[Scraped caption text data]
◇ ◇ ◇ ◇
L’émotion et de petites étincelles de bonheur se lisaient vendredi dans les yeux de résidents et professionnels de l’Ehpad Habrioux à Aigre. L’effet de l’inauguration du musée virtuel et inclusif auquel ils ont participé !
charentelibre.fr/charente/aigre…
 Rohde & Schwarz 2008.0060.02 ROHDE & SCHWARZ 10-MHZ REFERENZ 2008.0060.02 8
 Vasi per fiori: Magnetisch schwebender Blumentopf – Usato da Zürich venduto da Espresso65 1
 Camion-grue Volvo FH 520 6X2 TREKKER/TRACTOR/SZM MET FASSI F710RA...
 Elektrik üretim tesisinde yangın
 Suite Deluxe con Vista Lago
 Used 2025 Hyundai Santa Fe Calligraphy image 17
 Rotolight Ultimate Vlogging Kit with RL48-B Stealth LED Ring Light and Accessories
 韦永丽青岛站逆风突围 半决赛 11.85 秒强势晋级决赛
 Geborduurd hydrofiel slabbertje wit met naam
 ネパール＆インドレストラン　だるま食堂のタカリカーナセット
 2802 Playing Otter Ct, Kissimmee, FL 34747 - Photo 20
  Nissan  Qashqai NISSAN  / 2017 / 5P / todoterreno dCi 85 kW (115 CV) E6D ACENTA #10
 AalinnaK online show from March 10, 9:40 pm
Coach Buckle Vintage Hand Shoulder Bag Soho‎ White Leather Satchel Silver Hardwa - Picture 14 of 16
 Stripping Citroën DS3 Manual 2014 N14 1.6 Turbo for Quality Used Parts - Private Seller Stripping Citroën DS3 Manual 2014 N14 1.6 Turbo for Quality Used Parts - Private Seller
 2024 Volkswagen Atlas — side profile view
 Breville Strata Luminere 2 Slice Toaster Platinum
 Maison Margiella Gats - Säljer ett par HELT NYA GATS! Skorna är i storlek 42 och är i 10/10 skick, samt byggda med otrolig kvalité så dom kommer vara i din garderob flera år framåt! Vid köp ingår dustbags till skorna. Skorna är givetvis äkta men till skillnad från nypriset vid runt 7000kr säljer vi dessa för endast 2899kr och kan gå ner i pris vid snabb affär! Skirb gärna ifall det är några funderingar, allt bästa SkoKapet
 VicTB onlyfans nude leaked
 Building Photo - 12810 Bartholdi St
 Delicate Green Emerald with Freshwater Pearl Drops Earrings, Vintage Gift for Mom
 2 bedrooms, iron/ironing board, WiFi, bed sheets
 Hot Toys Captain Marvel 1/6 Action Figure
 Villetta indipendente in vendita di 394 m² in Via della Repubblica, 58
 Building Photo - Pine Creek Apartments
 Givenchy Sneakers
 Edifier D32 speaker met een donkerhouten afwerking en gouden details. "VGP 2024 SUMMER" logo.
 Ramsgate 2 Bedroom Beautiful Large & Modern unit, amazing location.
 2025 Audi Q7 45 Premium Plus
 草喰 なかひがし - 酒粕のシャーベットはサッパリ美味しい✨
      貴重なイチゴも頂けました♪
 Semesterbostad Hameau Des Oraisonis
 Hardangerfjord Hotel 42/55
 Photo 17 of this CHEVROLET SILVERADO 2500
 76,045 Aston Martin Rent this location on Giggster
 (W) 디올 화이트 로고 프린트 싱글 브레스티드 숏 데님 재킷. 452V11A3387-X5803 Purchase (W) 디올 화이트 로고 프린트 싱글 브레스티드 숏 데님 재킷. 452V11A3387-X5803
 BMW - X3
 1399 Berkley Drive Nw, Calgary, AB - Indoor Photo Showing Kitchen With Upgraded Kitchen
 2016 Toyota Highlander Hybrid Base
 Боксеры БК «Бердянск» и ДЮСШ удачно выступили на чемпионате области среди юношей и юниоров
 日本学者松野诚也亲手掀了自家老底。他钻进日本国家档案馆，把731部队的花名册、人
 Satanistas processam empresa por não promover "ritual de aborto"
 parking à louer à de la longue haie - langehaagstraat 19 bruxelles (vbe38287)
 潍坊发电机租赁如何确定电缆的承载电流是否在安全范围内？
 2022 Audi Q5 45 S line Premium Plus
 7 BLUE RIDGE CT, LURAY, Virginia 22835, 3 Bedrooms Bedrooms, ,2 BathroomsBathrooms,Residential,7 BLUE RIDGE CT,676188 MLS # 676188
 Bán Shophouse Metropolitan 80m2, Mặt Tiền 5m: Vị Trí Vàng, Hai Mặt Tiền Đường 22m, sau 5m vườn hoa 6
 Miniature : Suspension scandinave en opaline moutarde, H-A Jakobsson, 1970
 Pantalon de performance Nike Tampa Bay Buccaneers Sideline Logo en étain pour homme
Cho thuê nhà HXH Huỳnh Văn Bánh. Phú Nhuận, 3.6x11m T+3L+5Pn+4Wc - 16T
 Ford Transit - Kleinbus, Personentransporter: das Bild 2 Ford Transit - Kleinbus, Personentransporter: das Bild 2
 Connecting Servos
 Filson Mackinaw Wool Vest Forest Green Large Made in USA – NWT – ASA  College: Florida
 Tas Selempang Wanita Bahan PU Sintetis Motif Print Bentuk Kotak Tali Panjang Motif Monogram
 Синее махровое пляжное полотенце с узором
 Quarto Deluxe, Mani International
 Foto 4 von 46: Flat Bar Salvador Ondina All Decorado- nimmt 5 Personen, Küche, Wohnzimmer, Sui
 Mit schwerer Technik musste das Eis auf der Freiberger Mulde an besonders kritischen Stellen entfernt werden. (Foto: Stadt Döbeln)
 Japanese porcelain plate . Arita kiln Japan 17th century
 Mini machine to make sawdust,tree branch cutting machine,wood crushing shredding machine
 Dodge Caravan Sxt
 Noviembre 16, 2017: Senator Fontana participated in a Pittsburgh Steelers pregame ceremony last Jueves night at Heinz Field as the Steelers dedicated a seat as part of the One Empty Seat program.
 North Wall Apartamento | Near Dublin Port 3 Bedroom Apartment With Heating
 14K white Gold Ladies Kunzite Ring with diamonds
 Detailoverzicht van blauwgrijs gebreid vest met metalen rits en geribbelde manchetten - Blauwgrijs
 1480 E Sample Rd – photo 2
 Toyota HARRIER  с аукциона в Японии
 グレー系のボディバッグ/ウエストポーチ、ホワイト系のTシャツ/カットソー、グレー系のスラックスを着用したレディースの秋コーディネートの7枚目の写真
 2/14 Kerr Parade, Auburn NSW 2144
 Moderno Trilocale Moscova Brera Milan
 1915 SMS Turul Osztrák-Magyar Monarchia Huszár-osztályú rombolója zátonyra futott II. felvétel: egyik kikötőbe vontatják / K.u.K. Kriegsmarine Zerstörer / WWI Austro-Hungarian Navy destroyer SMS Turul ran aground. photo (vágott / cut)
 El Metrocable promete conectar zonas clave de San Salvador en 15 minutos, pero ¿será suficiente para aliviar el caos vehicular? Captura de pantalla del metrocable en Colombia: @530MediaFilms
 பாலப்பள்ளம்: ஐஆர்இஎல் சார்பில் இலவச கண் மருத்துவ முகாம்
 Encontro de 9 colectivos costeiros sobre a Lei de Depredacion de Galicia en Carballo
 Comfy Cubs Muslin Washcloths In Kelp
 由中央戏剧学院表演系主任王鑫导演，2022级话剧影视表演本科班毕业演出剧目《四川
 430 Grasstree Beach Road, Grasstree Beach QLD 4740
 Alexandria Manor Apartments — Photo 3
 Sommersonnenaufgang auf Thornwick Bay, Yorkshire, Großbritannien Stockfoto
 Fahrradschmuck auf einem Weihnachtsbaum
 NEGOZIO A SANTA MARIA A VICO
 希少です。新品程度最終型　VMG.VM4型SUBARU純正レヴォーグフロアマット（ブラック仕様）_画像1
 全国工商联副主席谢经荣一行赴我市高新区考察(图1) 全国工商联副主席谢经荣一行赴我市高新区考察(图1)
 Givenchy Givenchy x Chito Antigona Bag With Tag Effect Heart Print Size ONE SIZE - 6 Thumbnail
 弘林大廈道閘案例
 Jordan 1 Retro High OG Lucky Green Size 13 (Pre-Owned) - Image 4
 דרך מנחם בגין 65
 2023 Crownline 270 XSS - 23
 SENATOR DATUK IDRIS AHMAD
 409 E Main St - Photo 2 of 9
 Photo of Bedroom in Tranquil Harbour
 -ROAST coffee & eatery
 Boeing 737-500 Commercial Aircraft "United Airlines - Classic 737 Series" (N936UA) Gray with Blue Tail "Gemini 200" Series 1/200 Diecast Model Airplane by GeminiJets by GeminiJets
◇ ◇ ◇ ◇
Work required: Whenever a line in the preceding entries includes the word "this", count it, and state the total alone.

Response to the task: 2